For years, most e-commerce companies did not have to address sales tax rules in other countries or in U.S. states. And while blockchain companies might be tempted to adopt that mindset – “Sales tax is not an issue, we’re a Malta-registered company” – they do so at their own risk, as that thinking has swiftly become outdated not just in Europe, but globally.
The U.S. View - Why Wayfair Matters
The U.S. experienced its own version of a transaction-tax transformation last year when the Supreme Court ruled that individual states can require online sellers – domestic as well as those based outside the U.S. – to collect sales tax on out-of-state transactions. Since that decision was finalized in June 2018, the vast majority of states have been scrambling to update their existing sales tax rules in response.

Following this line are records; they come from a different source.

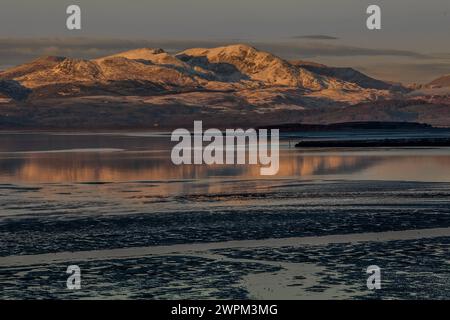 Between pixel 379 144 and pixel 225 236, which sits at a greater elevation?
pixel 225 236

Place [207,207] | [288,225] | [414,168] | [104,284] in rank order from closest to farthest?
[104,284] < [288,225] < [207,207] < [414,168]

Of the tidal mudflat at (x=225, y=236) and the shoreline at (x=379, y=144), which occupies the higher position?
the tidal mudflat at (x=225, y=236)

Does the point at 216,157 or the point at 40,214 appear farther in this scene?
the point at 216,157

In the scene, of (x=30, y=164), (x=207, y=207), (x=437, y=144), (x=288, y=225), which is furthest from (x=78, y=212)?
(x=437, y=144)

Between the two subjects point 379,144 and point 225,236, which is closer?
point 225,236

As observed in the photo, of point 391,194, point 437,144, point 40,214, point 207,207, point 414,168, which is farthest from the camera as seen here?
point 437,144

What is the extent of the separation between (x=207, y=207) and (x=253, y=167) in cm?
2662

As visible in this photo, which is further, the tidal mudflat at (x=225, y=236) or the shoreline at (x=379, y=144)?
the shoreline at (x=379, y=144)

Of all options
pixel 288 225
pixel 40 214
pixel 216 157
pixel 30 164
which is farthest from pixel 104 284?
pixel 216 157

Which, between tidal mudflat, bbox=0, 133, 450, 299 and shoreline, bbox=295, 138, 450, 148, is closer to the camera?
tidal mudflat, bbox=0, 133, 450, 299

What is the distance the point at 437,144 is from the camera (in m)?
110

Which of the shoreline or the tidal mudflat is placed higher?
the tidal mudflat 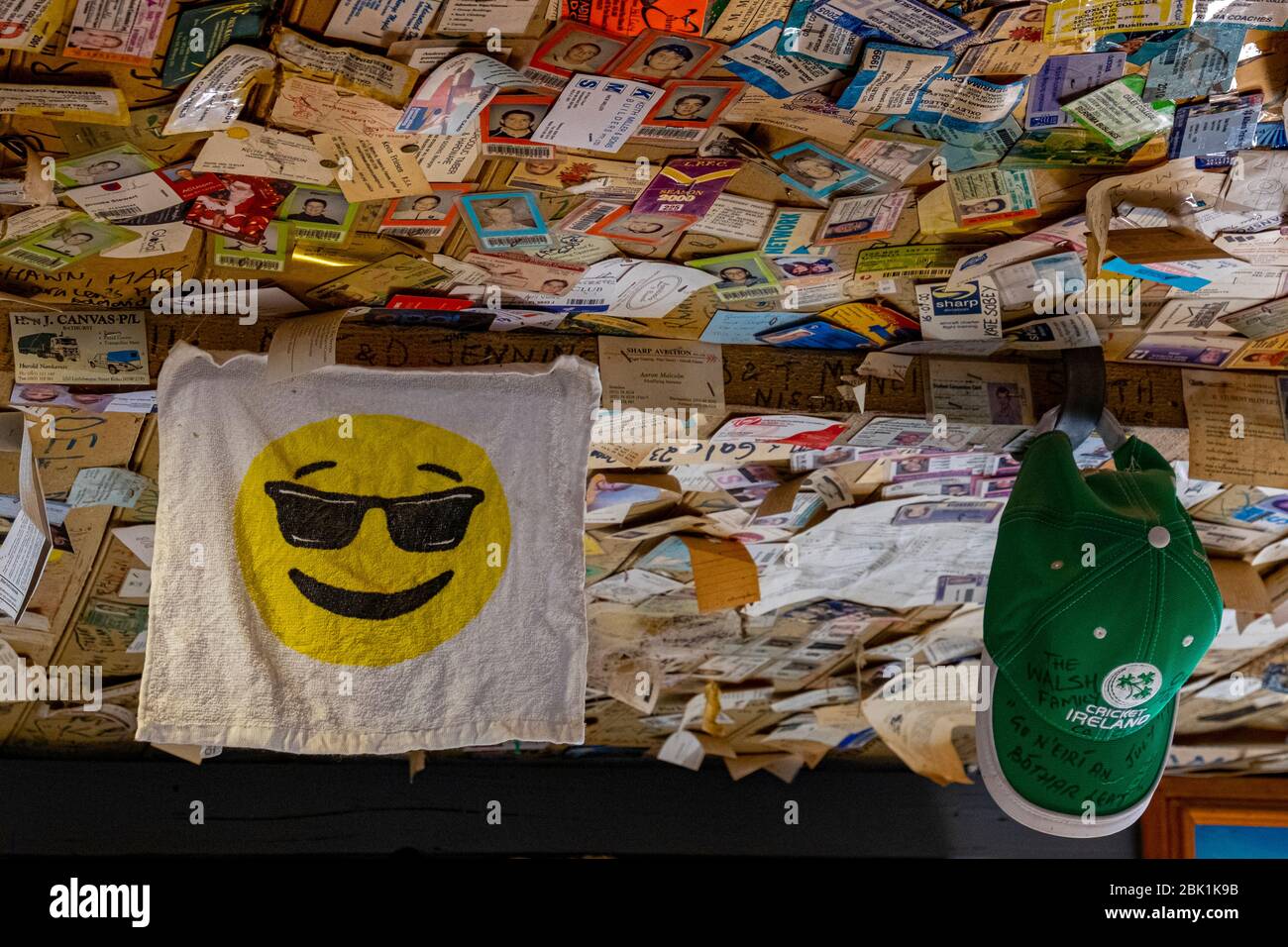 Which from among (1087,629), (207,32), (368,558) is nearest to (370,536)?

Under most of these new, post-Wayfair rules, online sellers and “marketplace facilitators” – any platform through which virtual transactions occur – are required to collect and remit sales tax when their sales to customers within a state surpass specific thresholds (based on annual revenue amounts, such as $100,000 or a number of transactions per year). In Iowa, for example, marketplace facilitators that generate $100,000 or more in annual sales or conduct 200 or more discrete transactions are required to collect and remit sales tax and file returns. Some states that had marketplace facilitator tax rules on their books prior to the Wayfair decision have updated or are in the process of updating these rules. Other states, such as Connecticut and Minnesota, quickly added new rules on tax requirements for marketplace facilitators.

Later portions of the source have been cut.